**Task details**
Among the entries below, take the line with "Tasmanian Tiger Modular" and the line with "BANDAI ONE PIECE", and output them and every line between them exactly, with nothing else.

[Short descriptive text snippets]
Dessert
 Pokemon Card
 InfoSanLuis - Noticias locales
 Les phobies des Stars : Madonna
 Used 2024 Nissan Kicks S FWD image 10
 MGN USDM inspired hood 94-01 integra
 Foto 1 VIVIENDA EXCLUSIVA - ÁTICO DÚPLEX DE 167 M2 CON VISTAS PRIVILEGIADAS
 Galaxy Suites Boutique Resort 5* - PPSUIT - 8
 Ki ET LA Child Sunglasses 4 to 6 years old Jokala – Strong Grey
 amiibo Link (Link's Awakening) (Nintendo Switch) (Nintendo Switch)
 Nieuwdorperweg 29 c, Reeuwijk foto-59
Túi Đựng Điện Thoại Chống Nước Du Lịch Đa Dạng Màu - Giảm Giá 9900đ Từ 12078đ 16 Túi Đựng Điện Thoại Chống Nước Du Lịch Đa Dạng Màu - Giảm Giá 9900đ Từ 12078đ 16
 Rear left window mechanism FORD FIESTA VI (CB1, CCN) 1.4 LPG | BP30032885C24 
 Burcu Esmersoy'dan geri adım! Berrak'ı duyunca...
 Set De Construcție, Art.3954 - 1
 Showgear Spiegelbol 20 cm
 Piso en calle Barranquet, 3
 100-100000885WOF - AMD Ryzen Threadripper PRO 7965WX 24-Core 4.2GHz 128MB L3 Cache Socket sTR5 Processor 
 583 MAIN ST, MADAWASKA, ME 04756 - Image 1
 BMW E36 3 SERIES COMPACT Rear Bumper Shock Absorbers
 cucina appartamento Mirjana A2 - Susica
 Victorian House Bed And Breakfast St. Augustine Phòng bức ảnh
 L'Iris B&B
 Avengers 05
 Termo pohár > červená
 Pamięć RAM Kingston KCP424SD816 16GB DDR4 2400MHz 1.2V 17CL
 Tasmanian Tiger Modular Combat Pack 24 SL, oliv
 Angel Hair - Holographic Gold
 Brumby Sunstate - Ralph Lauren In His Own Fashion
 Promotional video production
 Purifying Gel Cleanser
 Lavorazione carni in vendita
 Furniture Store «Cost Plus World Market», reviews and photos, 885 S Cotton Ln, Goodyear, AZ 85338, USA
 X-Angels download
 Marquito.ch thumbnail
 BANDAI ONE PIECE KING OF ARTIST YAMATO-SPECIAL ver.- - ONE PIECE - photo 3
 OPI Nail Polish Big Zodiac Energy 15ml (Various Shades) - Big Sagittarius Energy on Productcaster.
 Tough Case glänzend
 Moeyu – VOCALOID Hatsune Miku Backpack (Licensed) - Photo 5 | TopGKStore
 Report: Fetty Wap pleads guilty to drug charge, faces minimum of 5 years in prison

**Reply to the task**
 Tasmanian Tiger Modular Combat Pack 24 SL, oliv
 Angel Hair - Holographic Gold
 Brumby Sunstate - Ralph Lauren In His Own Fashion
 Promotional video production
 Purifying Gel Cleanser
 Lavorazione carni in vendita
 Furniture Store «Cost Plus World Market», reviews and photos, 885 S Cotton Ln, Goodyear, AZ 85338, USA
 X-Angels download
 Marquito.ch thumbnail
 BANDAI ONE PIECE KING OF ARTIST YAMATO-SPECIAL ver.- - ONE PIECE - photo 3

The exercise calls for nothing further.